§ WHAT TO WORK ON:
Write out, exactly and in full, the line where "Kraft Paper Banners" appears together with all lines that follow it in the entries below. Do not include pictures.

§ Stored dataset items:
● ● ●

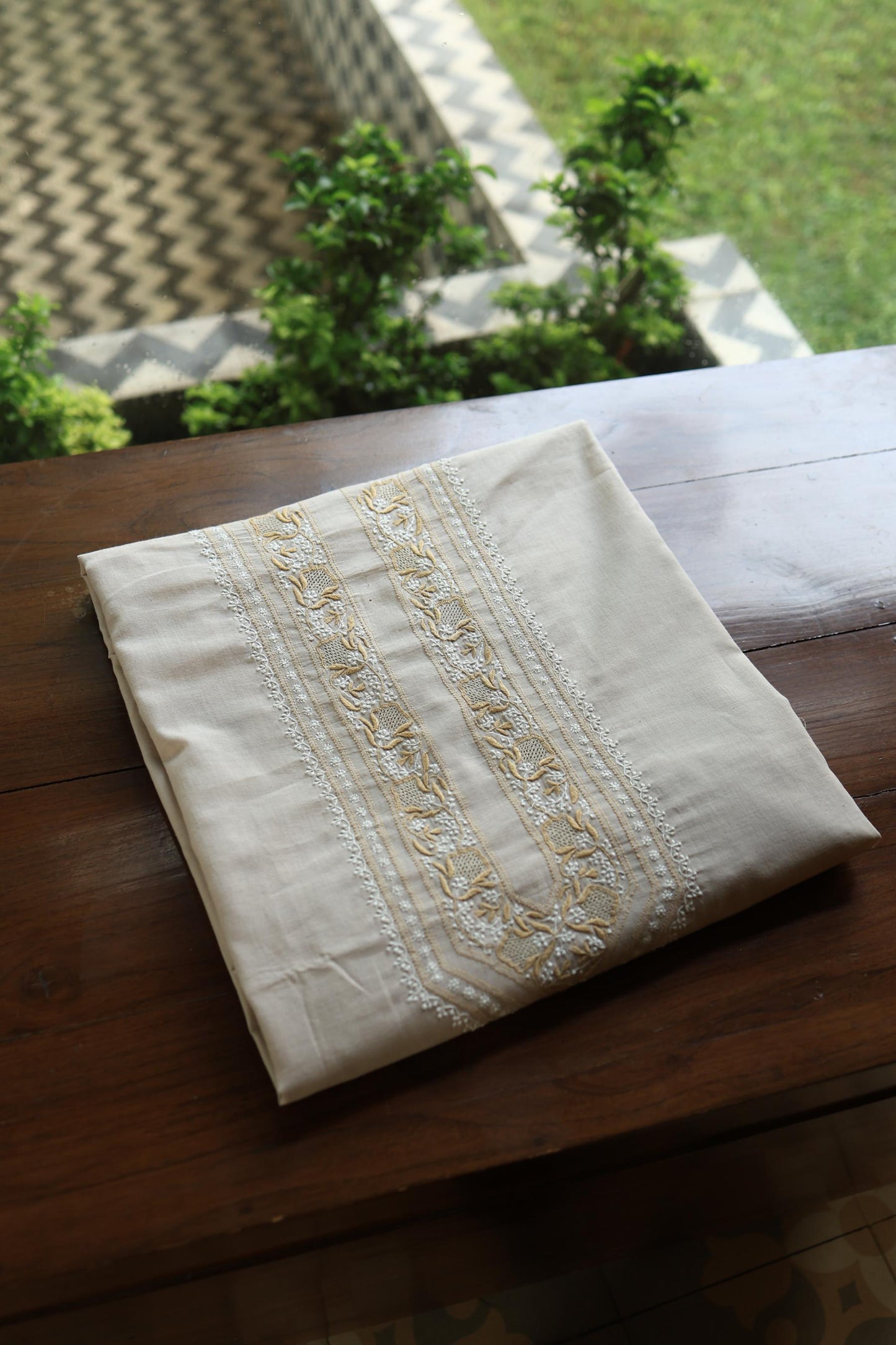 Natural Beige Shade Unisex Chikankari Bengal Muslin Kurta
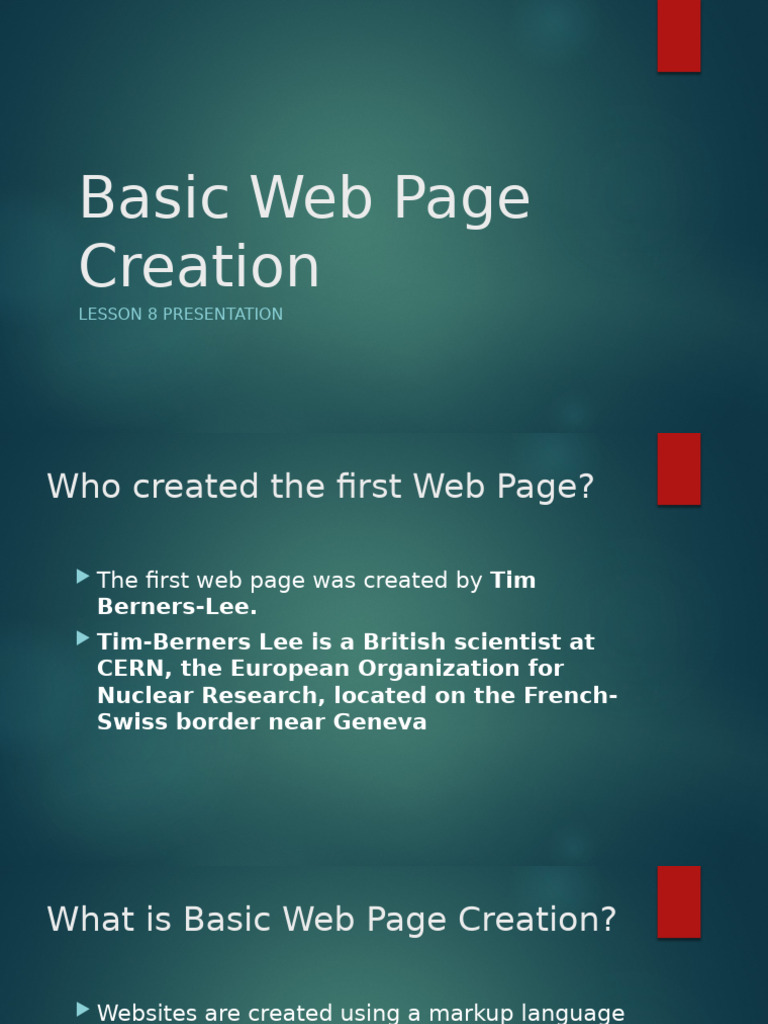 Basic Web Page Creation Presentation | PDF | World Wide Web | Internet ...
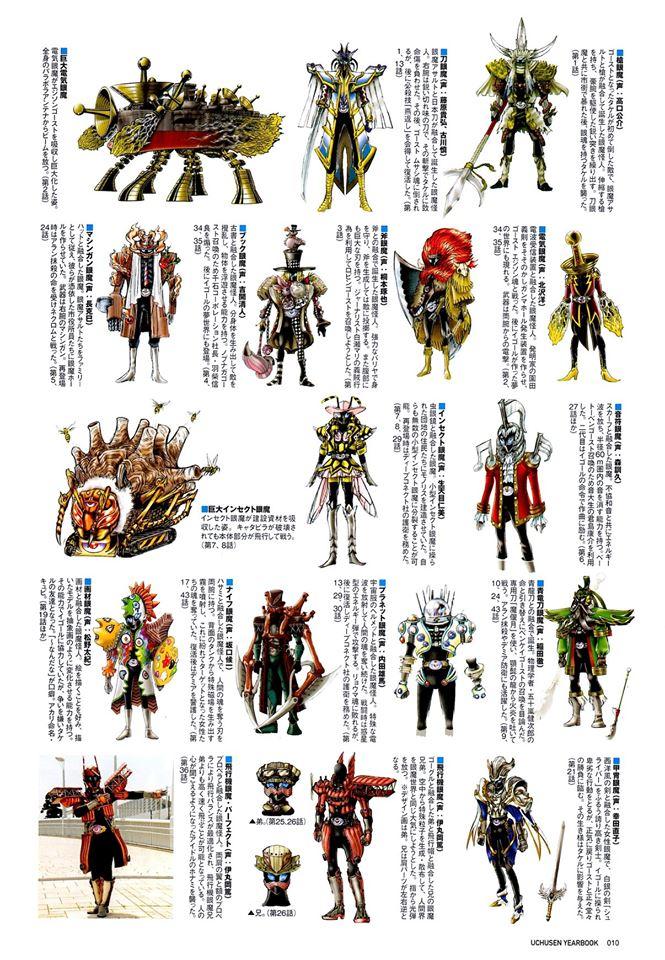 宇宙船Uchusen2008-2017假面骑士怪人设定(全)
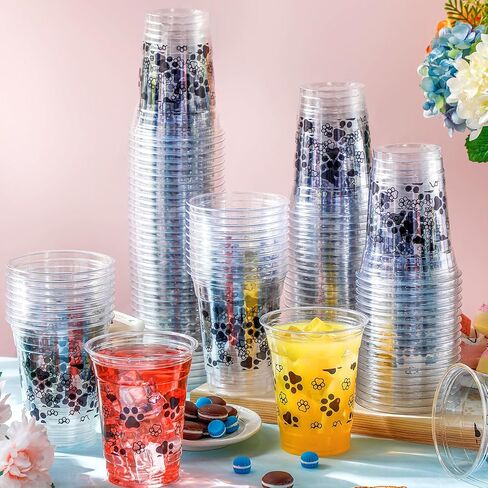 50 Pcs Dog Party Cups Bulk Puppy Paw Print Themed Cups 12 oz Disposable Clear Plastic Birthday Party Cups for Ice Coffee, Smoothie, Juice, Baby Shower Classroom Party Supplies in Kuwait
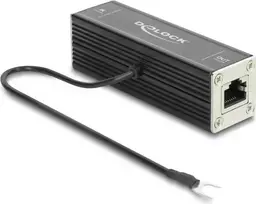 Delock RJ45 tinklo viršįtampių apsaugos modulis Cat.6A, suderinamas su PoE++, 10Gbps, ekranuotas, juodas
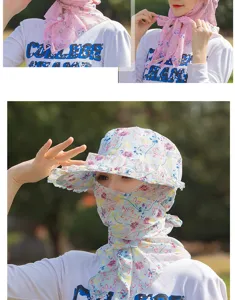 Elegant floral sun hat set with face and neck cover for full outdoor sun protection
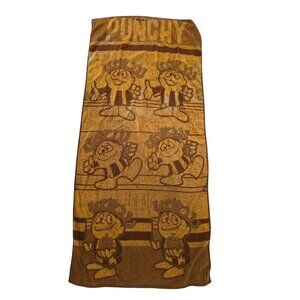 Vintage Hawaiian Punch Brown & Yellow Cotton Towel With Cartoon Design Ipanema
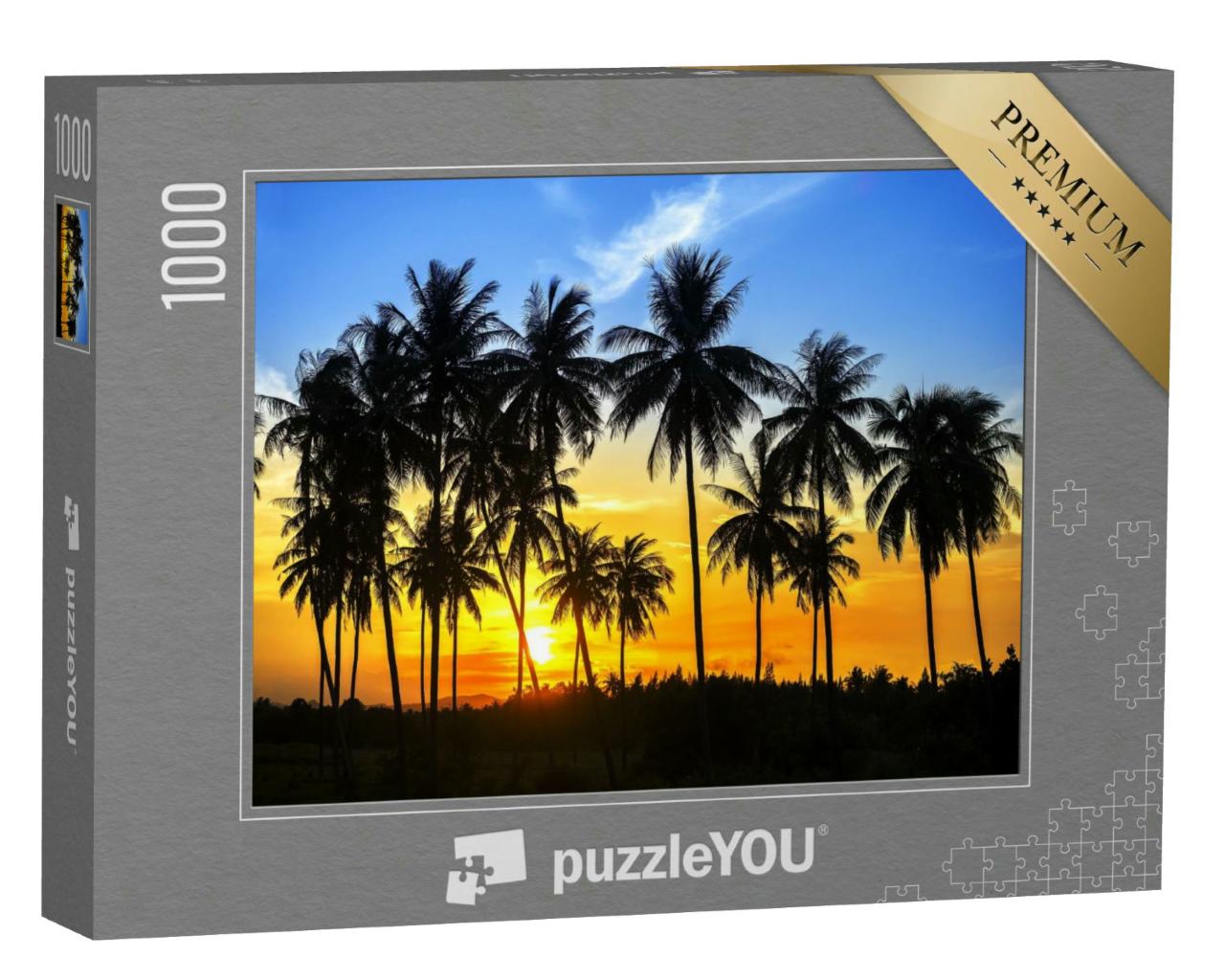 Puzzle 1000 Teile „Silhouetten von Kokosnusspalmen im bunten Sonnenuntergang“
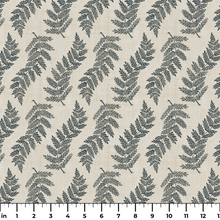 Load image into Gallery viewer, Twisted Lady Fern, Ink on Cream  - Small- 8 inch wide repeat Fabric
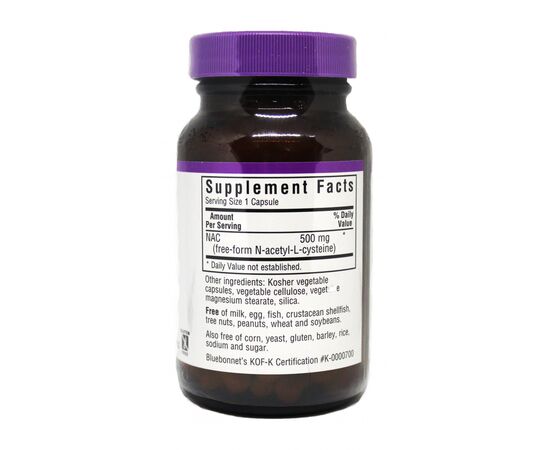 Аминокислота Bluebonnet Nutrition NAC (N-Ацетил-L-Цистеин) 500мг, 60 гелевых капсул (BLB0064), изображение 2 Аминокислота Bluebonnet Nutrition NAC (N-Ацетил-L-Цистеин) 500мг, 60 гелевых капсул (BLB0064), изображение 2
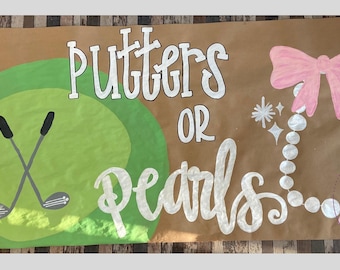 Hand-painted “Putters or Pearls” Gender Reveal Banner: Hand-Painted Kraft Paper Banners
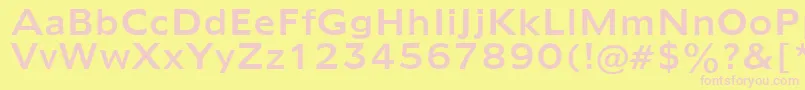 AdamsNormal-fontti – vaaleanpunaiset fontit keltaisella taustalla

● ● ●

§ TASK SOLUTION:
 Hand-painted “Putters or Pearls” Gender Reveal Banner: Hand-Painted Kraft Paper Banners
 AdamsNormal-fontti – vaaleanpunaiset fontit keltaisella taustalla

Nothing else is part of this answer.